From a6ffe42ec14c2c5a909ba8e89119db2a9223a6ef Mon Sep 17 00:00:00 2001
From: jensp <jensp@8810af33-2d31-482b-a856-94f89814c4df>
Date: Thu, 17 Oct 2019 17:35:54 +0000
Subject: [PATCH] Some bugfixes for the JndiLoginModule

git-svn-id: https://svn.libreccm.org/ccm/trunk@6270 8810af33-2d31-482b-a856-94f89814c4df
---
 .../kernel/security/JndiLoginModule.java      | 30 +++++++++----------
 1 file changed, 14 insertions(+), 16 deletions(-)

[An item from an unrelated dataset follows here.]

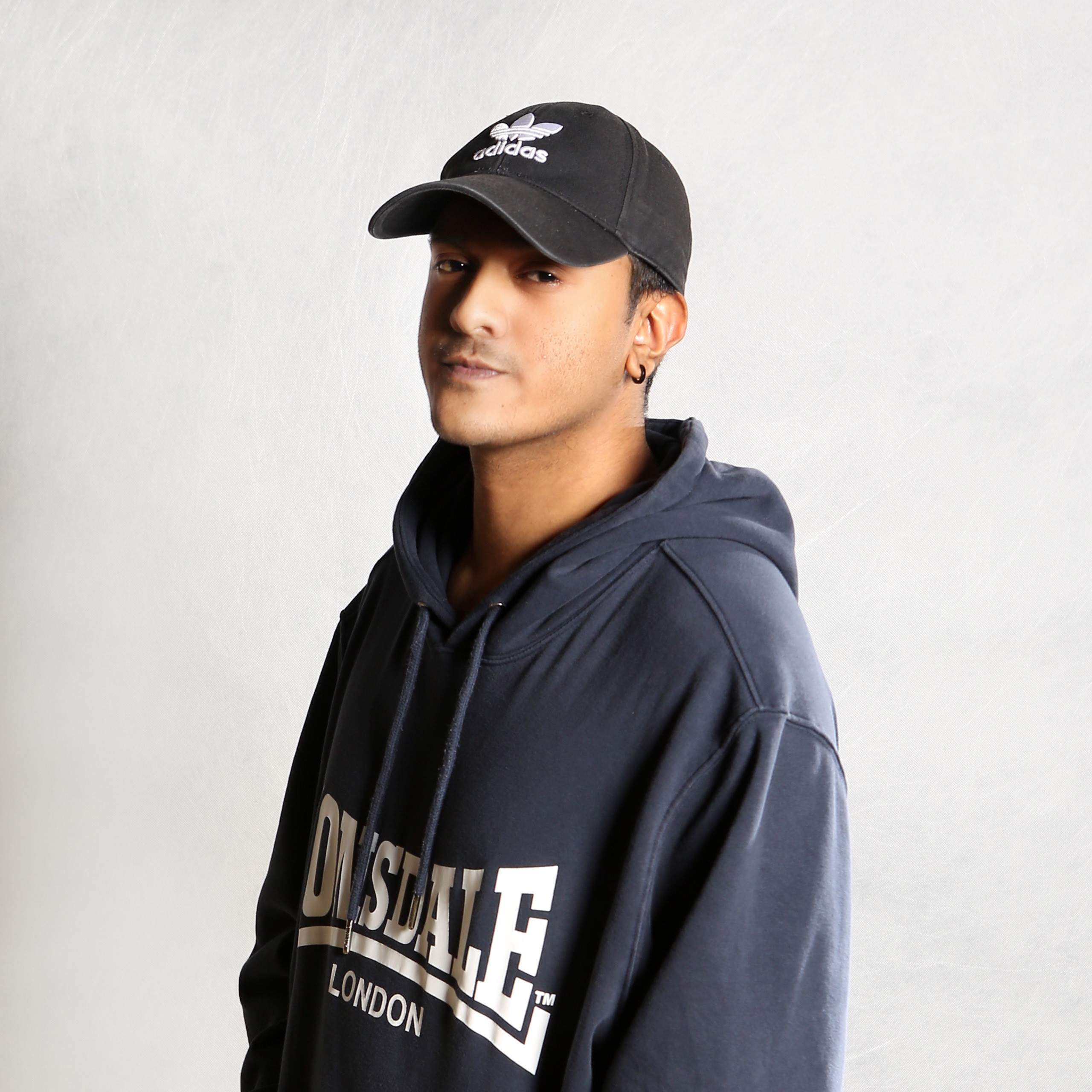 Malaysian DJ and producer St4n standing in a photographic studio wearing a Lonsdale hoodie and an Adidas baseball cap looking over his right shoulder at the camera, colour image.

diff --git a/ccm-core/src/com/arsdigita/kernel/security/JndiLoginModule.java b/ccm-core/src/com/arsdigita/kernel/security/JndiLoginModule.java
index 8cf9b92be..cb82ec2d8 100644
--- a/ccm-core/src/com/arsdigita/kernel/security/JndiLoginModule.java
+++ b/ccm-core/src/com/arsdigita/kernel/security/JndiLoginModule.java
@@ -39,11 +39,11 @@ import java.math.BigDecimal;
  *
  * Currently not tested with LDAPS schema.
  *
- * The module uses the SSO login name for finding the user in the LDAP 
+ * The module uses the SSO login name for finding the user in the LDAP
  * repository. If no user with the an SSO name matching the provided user name
  * is found the methods of the login module will return false which means that
  * the module should be ignored.
- * 
+ *
  * To use the module has to be added to the list of {@code LoginModule}s in the
  * {@link SecurityConfig}. An example configuration (line breaks for easier
  * reading, remove them for the properties file):
@@ -68,8 +68,8 @@ import java.math.BigDecimal;
  * </pre>
  *
  * The {@code connectionUrl} is the URL of the LDAP server to use.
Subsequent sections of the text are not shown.